• The problem: Within the records that follow, restate exactly the lines from the line with "A cute dog and" down to the line with "booties for healthcare", including both. Omit the pictures.

• Exercise inputs:
== == ==

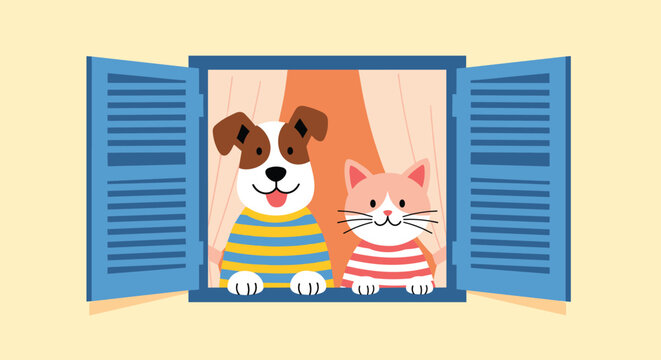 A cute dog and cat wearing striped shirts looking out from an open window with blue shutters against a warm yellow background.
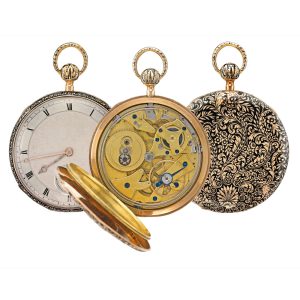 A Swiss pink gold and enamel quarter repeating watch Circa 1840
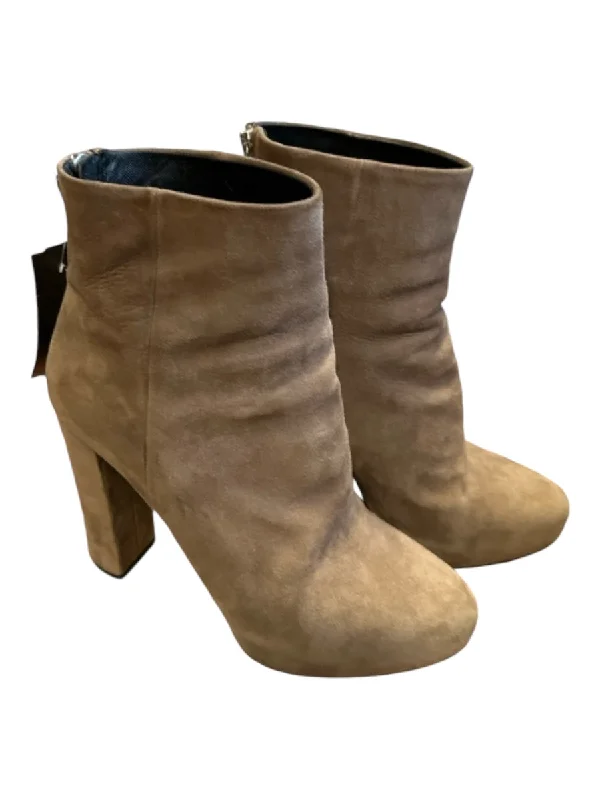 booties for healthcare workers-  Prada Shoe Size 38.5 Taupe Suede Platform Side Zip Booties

== == ==

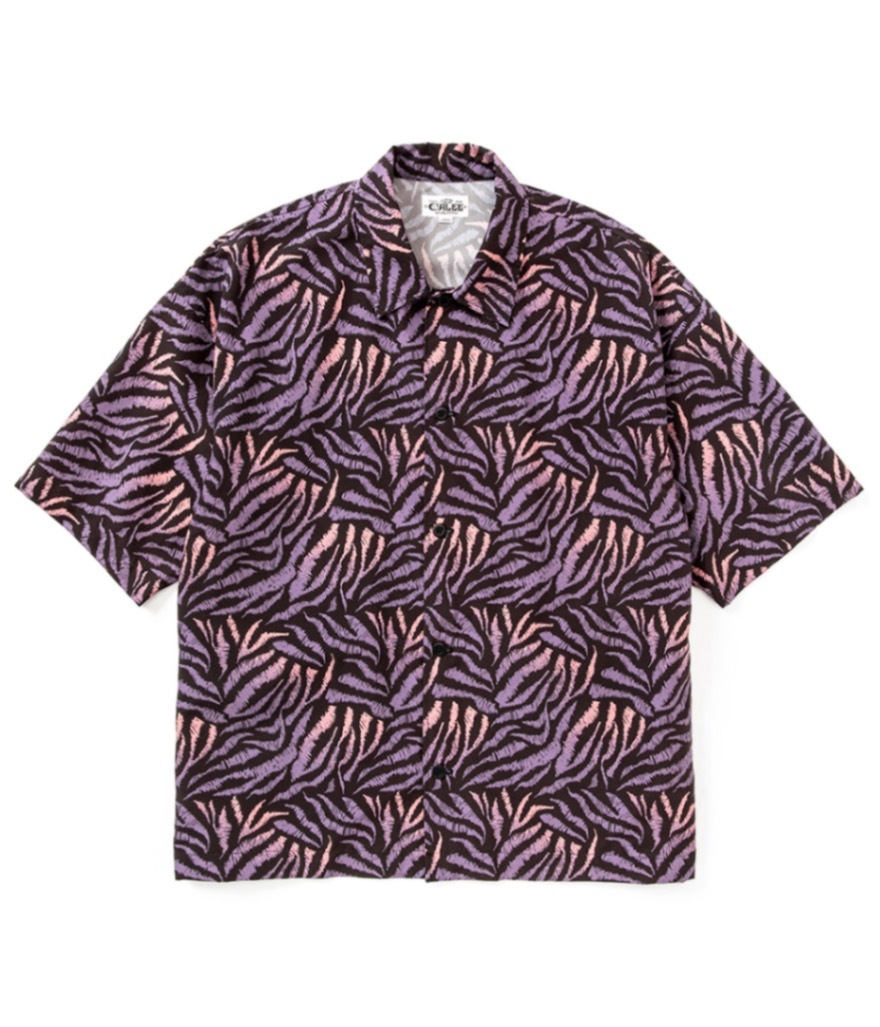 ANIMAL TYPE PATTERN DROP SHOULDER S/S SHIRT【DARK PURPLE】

== == ==

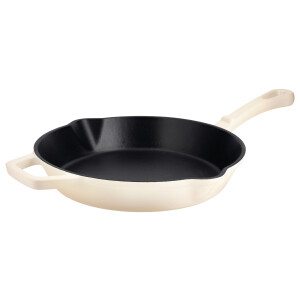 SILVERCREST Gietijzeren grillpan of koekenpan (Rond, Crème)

== == ==

• Solution to this problem:
 A cute dog and cat wearing striped shirts looking out from an open window with blue shutters against a warm yellow background.
 A Swiss pink gold and enamel quarter repeating watch Circa 1840
 booties for healthcare workers-  Prada Shoe Size 38.5 Taupe Suede Platform Side Zip Booties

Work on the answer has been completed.